Besides, as analyzed in
Section 3.4, the algorithm’s computational complexity is the second power of the data scale. As the data scale increases in practical application, the computation time will grow dramatically. Therefore, how to solve a MOLA problem for a large area within a reasonable time is quite challenging.
5.5. Contributions
Based on Pareto theory, this paper proposed an improved ABC for MOLA, which aims to provide a set of optimal solutions for decision-makers. For the first time, this paper introduced an improved Pareto-ABC algorithm, an effective method for optimization, to solve MOLA problems and obtain satisfying solutions. ABC-MOLA could be a good way to provide decision-makers with high-quality optimal solutions. Moreover, this paper proposed a strategy that couples auxiliary knowledge of natural geography and spatial structure with the generation of all new solutions, which effectively improved the optimization performance. This strategy can be applied by many other heuristic algorithms to achieve better results. Therefore, the ABC-MOLA algorithm proposed in this paper is a beneficial and useful complement to MOLA optimization.
6. Conclusions and Future Work
The purpose of this study was to develop ABC as a new method that uses a knowledge-informed neighborhood search strategy to improve the quality of Pareto-optimal solutions for MOLA. Different from ABC for SOLA [
33] that obtains only one optimal solution under the condition of a set of predefined weights for different objectives, ABC-MOLA is able to get multiple non-dominated solutions. Similar to the main differences existing between ABC for MOOP and SOOP presented in
Section 2.3, in ABC-MOLA, different strategies for guiding the bees’ search directions in solution space and for updating solutions both locally and globally have been specifically designed.
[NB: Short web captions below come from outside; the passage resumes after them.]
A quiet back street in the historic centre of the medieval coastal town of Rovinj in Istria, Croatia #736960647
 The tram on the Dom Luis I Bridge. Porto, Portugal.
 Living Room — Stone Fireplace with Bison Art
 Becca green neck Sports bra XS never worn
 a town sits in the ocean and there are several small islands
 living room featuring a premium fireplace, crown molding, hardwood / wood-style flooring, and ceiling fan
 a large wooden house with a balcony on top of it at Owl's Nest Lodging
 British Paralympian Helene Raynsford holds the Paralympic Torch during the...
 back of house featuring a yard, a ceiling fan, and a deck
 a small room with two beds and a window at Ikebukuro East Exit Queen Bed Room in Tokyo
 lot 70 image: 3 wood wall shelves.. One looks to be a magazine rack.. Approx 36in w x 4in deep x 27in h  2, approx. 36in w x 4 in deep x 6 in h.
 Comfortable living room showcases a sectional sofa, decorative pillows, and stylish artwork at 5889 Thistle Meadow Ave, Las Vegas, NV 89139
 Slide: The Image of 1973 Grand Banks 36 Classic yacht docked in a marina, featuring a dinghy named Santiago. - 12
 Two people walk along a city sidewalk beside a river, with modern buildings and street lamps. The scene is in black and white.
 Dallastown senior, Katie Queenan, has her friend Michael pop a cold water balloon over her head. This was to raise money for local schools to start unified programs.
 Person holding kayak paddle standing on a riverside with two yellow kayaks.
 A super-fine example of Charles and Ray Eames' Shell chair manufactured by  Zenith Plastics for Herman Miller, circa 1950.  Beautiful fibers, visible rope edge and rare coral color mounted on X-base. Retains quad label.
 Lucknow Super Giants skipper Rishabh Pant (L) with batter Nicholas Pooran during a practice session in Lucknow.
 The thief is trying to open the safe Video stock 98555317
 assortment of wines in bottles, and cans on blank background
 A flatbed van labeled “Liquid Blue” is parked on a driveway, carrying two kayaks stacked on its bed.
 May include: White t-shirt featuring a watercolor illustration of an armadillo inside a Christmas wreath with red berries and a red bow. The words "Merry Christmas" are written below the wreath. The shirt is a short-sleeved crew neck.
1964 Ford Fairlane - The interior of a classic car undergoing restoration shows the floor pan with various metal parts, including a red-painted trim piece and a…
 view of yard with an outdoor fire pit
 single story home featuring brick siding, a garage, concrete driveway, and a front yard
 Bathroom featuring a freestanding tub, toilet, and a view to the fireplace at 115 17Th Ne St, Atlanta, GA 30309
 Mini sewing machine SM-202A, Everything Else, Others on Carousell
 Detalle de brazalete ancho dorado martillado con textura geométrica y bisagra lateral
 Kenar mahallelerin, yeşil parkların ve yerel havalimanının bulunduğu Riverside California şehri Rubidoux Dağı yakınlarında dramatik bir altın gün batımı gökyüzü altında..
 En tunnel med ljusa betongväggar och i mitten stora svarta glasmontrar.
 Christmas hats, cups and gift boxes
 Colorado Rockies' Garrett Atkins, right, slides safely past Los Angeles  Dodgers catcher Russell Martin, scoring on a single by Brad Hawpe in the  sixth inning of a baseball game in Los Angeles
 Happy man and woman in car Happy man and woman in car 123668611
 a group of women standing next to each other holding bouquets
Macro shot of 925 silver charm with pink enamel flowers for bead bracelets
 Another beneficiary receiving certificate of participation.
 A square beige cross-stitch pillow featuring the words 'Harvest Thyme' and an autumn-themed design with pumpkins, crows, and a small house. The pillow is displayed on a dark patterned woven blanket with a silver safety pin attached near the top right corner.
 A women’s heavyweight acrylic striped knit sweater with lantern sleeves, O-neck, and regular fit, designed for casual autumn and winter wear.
To validate the algorithm’s effectiveness, we treat the land-use allocation problem as a multi-objective spatial-combination optimization problem based on two-dimensional raster data, in which each land-use type’s area is maintained and two commonly-used objective functions, suitability and compactness, are maximized. In a series of comparison experiments, ABC-MOLA shows better optimization ability than other state-of-the-art algorithms and demonstrates good suitability for solving grid-represented land-use allocation problems in large areas.
Notably, the proposed ABC-MOLA is used to solve a land-use allocation problem with only two objectives in this paper. In the future, we plan to make further improvements to ABC-MOLA so it will be able to solve problems with three or more objectives, which are still intractable. Moreover, when solving problems that involve large areas, the calculation time required for ABC-MOLA increases dramatically. Therefore, we plan to further improve ABC-MOLA’s computational efficiency for multi-objective land-use allocation.